= Reece Jones (artist) =

English painter

Reece Jones (born 1976) is a contemporary artist living in London.

Jones was brought up in Norfolk, England. After graduating from Loughborough School of Art and Design he gained an MA from the Royal Academy Schools in 2002. He was one of the founding members of the Rockwell project space in Hackney.

==Work==
Jones is known for his fragile charcoal drawings, which were built to create often surreal images. His technique can include using sandpaper to create different tones and surfaces.

Solo shows include All Visual Arts, London and 'Control Test' at the Triumph Gallery in Moscow in 2011 (Jones' first solo exhibition outside of London).

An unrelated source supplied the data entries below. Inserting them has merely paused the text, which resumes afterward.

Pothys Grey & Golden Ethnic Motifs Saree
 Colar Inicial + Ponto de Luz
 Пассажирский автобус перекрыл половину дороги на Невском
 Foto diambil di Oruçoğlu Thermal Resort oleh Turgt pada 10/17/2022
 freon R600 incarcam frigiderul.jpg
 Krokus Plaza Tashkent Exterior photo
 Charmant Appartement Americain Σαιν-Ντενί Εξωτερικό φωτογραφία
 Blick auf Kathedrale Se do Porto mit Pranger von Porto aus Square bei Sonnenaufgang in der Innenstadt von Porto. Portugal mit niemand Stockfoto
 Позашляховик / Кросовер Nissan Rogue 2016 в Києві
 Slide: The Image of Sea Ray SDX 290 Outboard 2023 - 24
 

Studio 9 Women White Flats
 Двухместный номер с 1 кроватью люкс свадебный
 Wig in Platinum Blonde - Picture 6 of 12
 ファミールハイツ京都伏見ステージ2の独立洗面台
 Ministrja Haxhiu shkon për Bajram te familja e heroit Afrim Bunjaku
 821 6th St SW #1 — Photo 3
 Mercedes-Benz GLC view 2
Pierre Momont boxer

Notable group shows include Turps Banana gallery, London; Herrick gallery, London; The Agency Gallery, London; Saatchi Gallery, London; The Royal West of England Academy; Stephane Simoens, Belgium; Voorkamer, Belgium; Drawing Room, London and 'Between the Lines' at All Visual Arts in April 2013.

Reece Jones recently curated The Hair Of The Dog at Block 336 Brixton. He was a selector for Barbican Arts Group Trust's Artworks Open in 2012 & 2013 and curated Terminalia at Charlie Smith London in 2014.

Writing includes the catalogue interview for Mittelland by Jonathan Wateridge. He also lectures in Fine Art - Painting at City & Guilds of London Art School, Kennington.